With a smile, he poured the wine. “Sometimes, in more fanciful moods, it might have run to moats and drawbridges as well.”
He brought her the wine, tapped his glass to hers. “But you asked is it Irish, this house. When I began to build it, I had—or thought I had—left Ireland behind me. So much of my life there had been brutal, even bloody. I felt no ties there—so I believed. And yet, this house I built springs from those books, those dreams, those needs and ambitions. It comes from Ireland, and so do I.

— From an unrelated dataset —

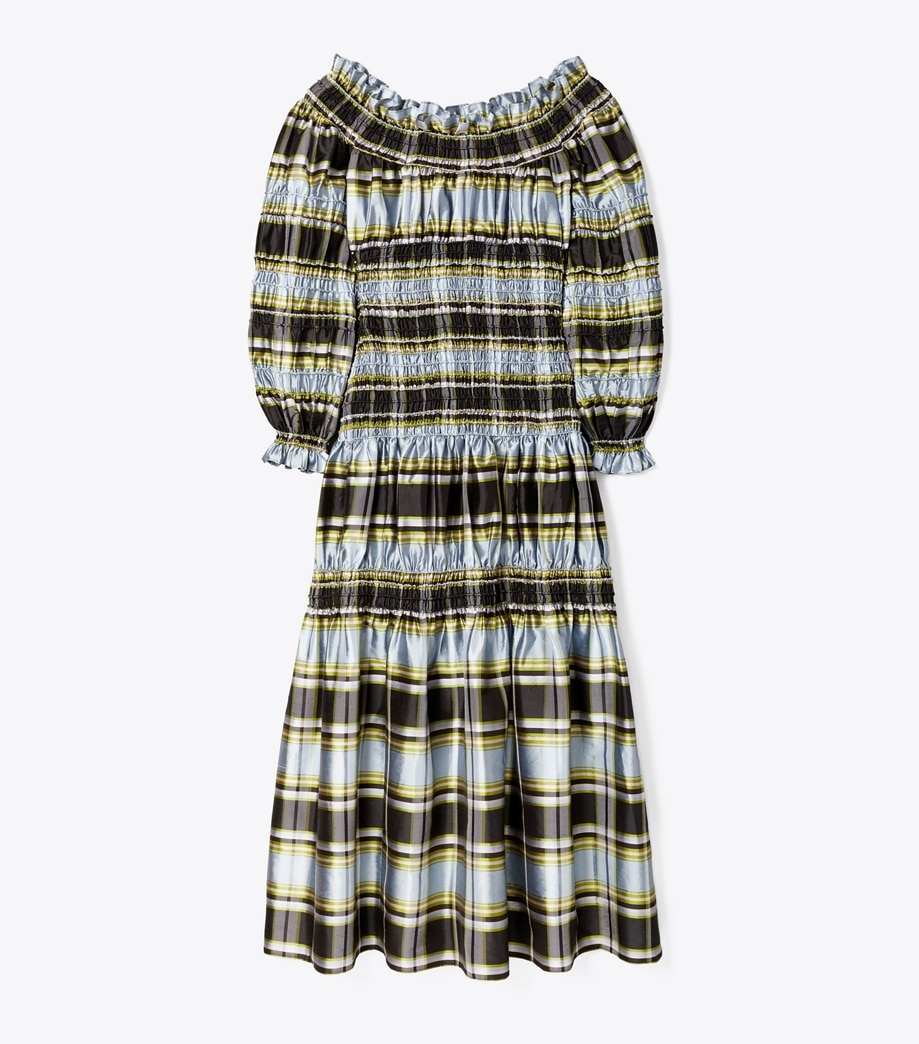Tory Burch Corded Madras Dress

“Summerset was right. It matters who and what we come from.”
He felt her stiffen, saw her eyes go flat.
“It matters, Eve, that you came from monsters. Matters,” he continued, gripping her chin in his hand, “because, coming from them, you chose to make yourself into a woman who hunts the monsters. Not for vengeance, as would surely have been my choice, but for justice. I built a house. You built a hero.”
“I built a cop,” she corrected, relaxing again. “Had some help there, same as you. And you don’t give me hours of your time on an investigation for vengeance. If we don’t always toe the same line on justice, we do on truth. And you work with me for truth.”
His eyes stayed warm on hers as he skimmed his thumb over the shallow dent in her chin. “It wouldn’t have been my choice once, but then I met you, and loved you, and things changed. Like summer in February.”